▶ **Supplied data**
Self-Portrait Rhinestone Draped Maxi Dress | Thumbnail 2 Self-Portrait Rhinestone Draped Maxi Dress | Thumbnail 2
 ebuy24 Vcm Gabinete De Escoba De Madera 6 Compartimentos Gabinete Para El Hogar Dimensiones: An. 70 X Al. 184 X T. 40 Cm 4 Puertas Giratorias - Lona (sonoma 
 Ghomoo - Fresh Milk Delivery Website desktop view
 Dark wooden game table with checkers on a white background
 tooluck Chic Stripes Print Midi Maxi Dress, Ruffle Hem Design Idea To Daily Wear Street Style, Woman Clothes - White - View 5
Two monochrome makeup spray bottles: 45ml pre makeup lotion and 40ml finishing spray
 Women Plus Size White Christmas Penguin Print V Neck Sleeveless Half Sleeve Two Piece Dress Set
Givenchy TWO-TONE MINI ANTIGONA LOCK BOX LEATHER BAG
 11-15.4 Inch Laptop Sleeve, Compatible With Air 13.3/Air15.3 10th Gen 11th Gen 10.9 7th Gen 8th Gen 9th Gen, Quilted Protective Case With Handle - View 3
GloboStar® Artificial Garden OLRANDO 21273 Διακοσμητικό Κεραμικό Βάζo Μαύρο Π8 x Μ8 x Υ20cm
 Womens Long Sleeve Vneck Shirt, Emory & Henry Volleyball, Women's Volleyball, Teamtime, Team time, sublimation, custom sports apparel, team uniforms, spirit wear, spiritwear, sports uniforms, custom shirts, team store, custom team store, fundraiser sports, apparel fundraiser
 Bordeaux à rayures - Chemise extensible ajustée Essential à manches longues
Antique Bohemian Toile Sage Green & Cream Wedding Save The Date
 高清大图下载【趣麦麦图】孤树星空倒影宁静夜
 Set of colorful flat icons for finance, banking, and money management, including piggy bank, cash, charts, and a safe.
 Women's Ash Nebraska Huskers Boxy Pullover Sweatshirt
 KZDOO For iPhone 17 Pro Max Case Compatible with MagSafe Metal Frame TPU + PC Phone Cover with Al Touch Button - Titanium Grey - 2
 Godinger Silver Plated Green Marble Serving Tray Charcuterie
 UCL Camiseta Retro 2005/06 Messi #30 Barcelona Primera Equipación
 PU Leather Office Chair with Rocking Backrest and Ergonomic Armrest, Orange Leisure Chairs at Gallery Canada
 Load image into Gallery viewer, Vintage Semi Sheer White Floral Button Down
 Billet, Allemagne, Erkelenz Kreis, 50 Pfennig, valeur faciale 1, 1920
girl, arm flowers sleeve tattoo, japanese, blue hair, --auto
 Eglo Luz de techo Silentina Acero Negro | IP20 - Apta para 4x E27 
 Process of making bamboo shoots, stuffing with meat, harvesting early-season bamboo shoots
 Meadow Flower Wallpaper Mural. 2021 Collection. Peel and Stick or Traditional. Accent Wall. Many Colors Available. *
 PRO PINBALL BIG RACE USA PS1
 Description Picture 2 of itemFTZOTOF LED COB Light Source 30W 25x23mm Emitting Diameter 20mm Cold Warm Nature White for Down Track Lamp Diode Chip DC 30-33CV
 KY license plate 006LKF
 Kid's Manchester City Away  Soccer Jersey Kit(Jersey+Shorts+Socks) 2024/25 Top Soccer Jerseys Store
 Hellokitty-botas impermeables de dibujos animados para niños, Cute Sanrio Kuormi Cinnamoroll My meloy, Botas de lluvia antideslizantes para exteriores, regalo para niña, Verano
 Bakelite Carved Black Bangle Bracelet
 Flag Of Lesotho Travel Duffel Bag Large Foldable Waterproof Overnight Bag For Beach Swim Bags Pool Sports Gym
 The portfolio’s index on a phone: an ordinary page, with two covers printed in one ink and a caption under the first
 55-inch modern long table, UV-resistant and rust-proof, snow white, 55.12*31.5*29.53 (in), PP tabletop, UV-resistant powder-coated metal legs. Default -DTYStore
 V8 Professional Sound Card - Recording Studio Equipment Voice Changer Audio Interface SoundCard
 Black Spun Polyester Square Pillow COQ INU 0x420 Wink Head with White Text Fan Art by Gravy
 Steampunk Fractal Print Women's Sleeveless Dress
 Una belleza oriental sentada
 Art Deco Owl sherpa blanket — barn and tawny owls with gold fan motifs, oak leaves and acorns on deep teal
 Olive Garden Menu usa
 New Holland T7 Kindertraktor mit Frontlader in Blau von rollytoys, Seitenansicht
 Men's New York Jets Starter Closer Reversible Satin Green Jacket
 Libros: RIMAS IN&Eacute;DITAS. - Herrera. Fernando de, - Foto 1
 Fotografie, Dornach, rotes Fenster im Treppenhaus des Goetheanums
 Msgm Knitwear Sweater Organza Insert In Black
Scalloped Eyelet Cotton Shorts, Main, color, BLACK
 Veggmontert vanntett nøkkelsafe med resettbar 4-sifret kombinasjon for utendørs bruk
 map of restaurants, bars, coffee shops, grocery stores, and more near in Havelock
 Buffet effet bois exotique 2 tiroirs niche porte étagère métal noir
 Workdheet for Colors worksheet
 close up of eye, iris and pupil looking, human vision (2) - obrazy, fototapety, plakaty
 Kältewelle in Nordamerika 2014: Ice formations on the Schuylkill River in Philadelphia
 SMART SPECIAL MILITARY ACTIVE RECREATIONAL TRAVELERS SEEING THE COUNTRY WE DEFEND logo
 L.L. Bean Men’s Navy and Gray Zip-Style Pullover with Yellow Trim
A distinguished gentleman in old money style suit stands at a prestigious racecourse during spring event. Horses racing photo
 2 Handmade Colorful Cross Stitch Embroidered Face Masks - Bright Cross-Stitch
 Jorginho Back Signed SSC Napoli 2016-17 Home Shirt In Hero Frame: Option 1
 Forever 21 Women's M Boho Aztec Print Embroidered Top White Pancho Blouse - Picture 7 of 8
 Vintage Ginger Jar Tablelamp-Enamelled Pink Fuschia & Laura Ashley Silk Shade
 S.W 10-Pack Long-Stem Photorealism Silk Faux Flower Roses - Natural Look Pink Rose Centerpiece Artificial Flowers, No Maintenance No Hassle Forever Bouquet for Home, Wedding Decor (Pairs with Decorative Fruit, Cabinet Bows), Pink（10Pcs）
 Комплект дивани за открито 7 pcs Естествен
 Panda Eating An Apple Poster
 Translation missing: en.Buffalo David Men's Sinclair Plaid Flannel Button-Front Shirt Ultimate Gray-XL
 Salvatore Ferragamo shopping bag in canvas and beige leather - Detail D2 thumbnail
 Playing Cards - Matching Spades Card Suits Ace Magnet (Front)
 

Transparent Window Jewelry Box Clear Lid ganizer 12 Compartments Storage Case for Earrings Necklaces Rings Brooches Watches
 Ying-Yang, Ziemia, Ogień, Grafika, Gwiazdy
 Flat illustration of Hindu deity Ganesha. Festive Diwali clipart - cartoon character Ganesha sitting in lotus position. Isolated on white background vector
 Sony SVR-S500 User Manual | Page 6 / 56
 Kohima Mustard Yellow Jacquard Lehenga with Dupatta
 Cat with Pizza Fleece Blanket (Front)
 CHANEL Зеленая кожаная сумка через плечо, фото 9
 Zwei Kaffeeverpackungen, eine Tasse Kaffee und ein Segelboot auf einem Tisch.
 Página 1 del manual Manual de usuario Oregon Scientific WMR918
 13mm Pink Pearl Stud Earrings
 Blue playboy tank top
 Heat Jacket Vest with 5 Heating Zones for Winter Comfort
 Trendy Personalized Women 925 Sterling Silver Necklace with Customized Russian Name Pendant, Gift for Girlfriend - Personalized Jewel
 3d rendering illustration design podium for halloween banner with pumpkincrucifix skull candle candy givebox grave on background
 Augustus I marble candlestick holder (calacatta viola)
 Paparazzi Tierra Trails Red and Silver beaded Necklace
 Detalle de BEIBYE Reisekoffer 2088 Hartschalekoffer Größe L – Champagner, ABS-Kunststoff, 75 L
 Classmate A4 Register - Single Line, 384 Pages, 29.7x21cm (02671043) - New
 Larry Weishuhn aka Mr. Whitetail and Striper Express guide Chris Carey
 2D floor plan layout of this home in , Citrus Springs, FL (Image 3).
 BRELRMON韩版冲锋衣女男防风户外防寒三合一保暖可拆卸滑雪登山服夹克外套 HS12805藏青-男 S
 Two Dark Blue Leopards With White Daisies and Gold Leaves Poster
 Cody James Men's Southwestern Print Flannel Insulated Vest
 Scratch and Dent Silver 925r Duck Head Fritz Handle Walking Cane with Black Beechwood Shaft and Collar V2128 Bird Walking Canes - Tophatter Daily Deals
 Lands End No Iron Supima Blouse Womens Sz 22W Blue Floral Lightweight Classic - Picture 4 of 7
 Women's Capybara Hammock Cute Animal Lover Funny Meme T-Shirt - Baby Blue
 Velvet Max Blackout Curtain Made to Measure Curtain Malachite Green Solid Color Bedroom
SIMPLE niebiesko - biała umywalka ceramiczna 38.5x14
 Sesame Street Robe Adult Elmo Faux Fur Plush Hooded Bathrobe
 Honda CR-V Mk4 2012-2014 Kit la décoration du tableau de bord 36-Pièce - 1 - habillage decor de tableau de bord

▶ **Exercise goal**
From the records above, copy each line in which the string "Manual" occurs.

▶ **Solution to the exercise**
 Sony SVR-S500 User Manual | Page 6 / 56
 Página 1 del manual Manual de usuario Oregon Scientific WMR918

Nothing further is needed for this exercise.